> **Record extracts**:
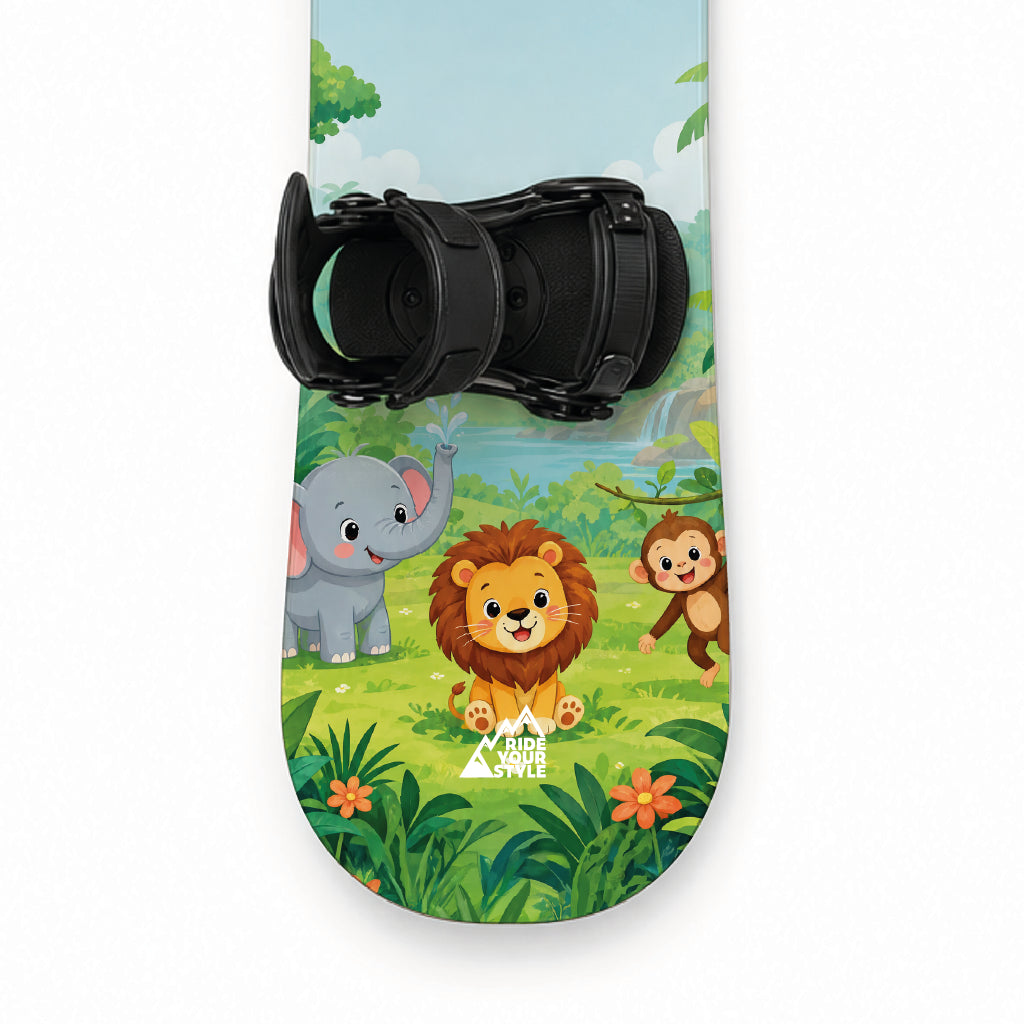 Kinder-Snowboard mit Designfolie »Tierwelt« beklebt – rückstandslos ablösbar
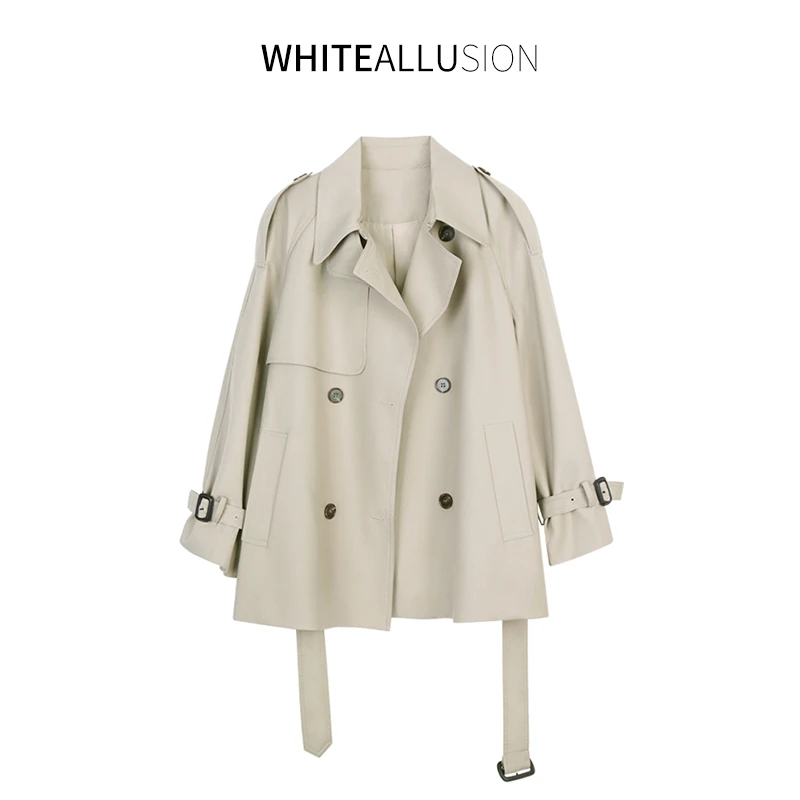 素典【甄心推荐】  短款小个子风衣春款英伦风双排扣休闲时尚854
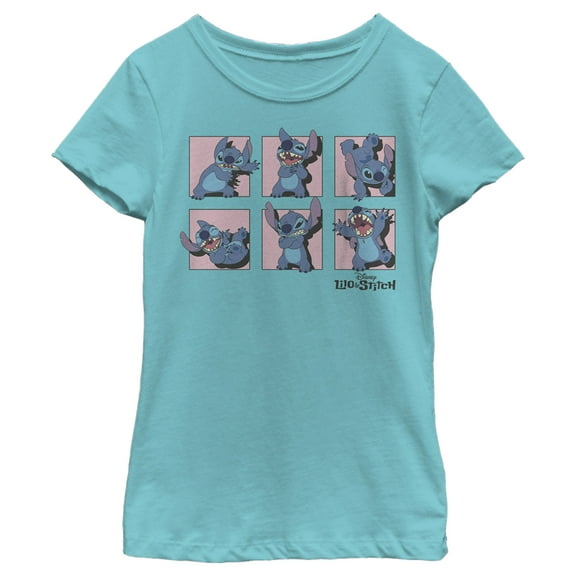 Girl's Lilo & Stitch Poses in Pink Panels  Graphic Tee Tahiti Blue Medium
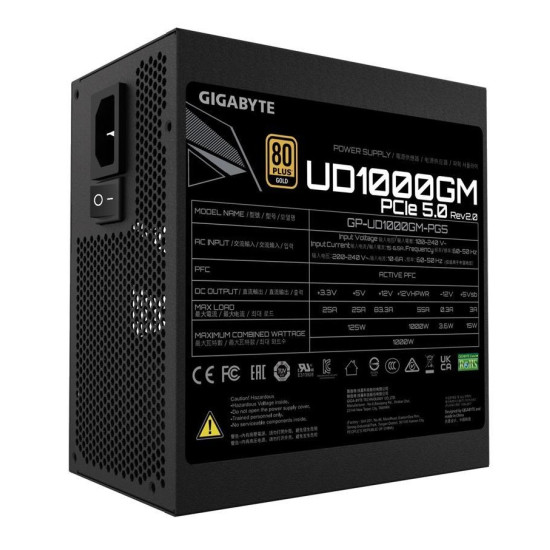 GIGABYTE GP-UD1000GM PG5 Rev 2.0 PCIe 5.0 ATX 3.0 1000W 80+ Gold Modular Power Supply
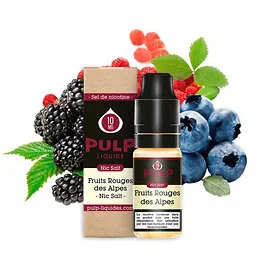 PULP Fruits Rouges des Alpes Nic Salt 10ml Flasche mit Etikett im Waldbeeren-Profil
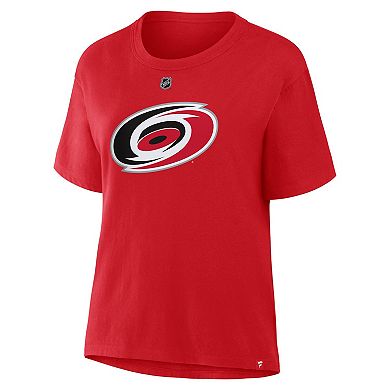 Women's Fanatics Sebastian Aho Red Carolina Hurricanes Authentic Stack Name & Number T-Shirt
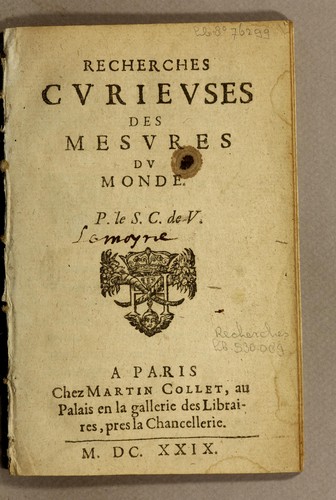 Recherches curieuses des mesures du monde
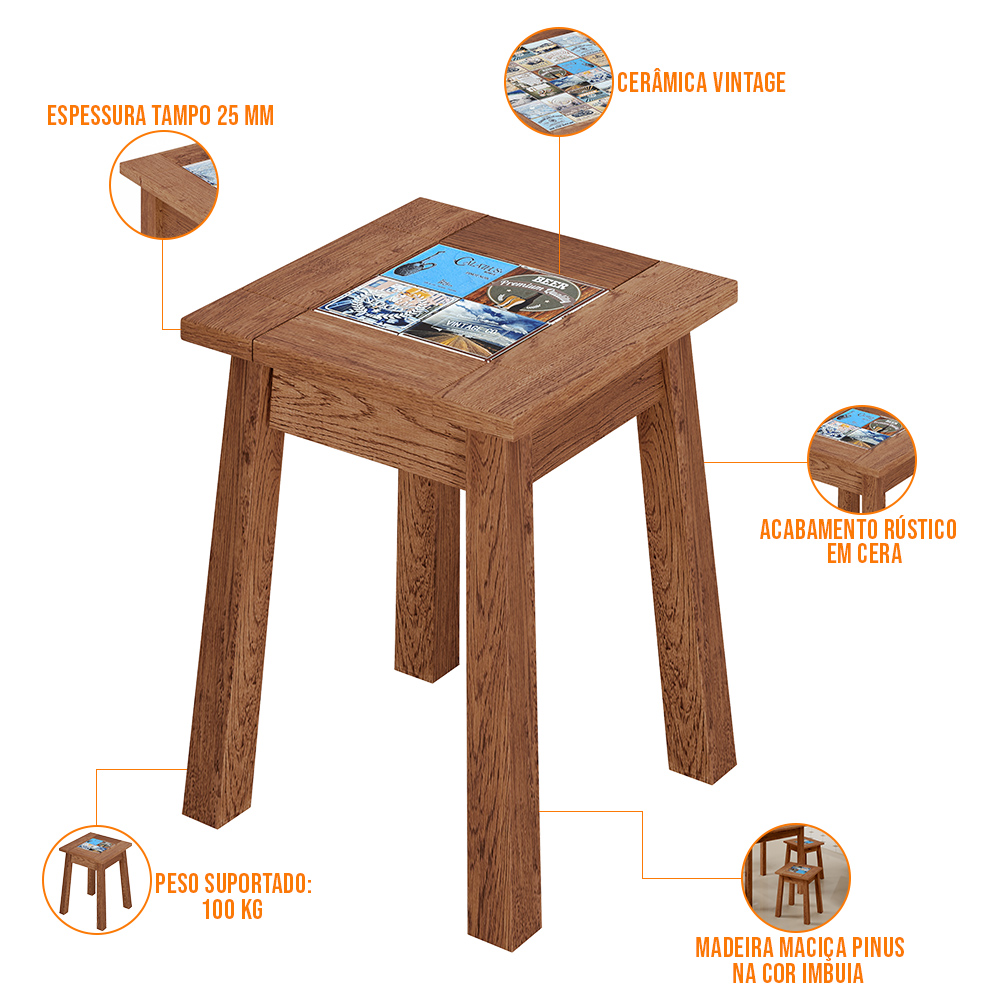 Conjunto De Mesa Com 04 Banquetas Madeira Maciça Pinus Com Cerâmica Vintage W02 Imbuia - Lyam Decor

> **Your instructions**:
Without any pictures, transcribe the listing above exactly as written.

> **Result**:
 Kinder-Snowboard mit Designfolie »Tierwelt« beklebt – rückstandslos ablösbar
 素典【甄心推荐】  短款小个子风衣春款英伦风双排扣休闲时尚854
 Girl's Lilo & Stitch Poses in Pink Panels  Graphic Tee Tahiti Blue Medium
 GIGABYTE GP-UD1000GM PG5 Rev 2.0 PCIe 5.0 ATX 3.0 1000W 80+ Gold Modular Power Supply
 PULP Fruits Rouges des Alpes Nic Salt 10ml Flasche mit Etikett im Waldbeeren-Profil
 Women's Fanatics Sebastian Aho Red Carolina Hurricanes Authentic Stack Name & Number T-Shirt
 Recherches curieuses des mesures du monde
 Conjunto De Mesa Com 04 Banquetas Madeira Maciça Pinus Com Cerâmica Vintage W02 Imbuia - Lyam Decor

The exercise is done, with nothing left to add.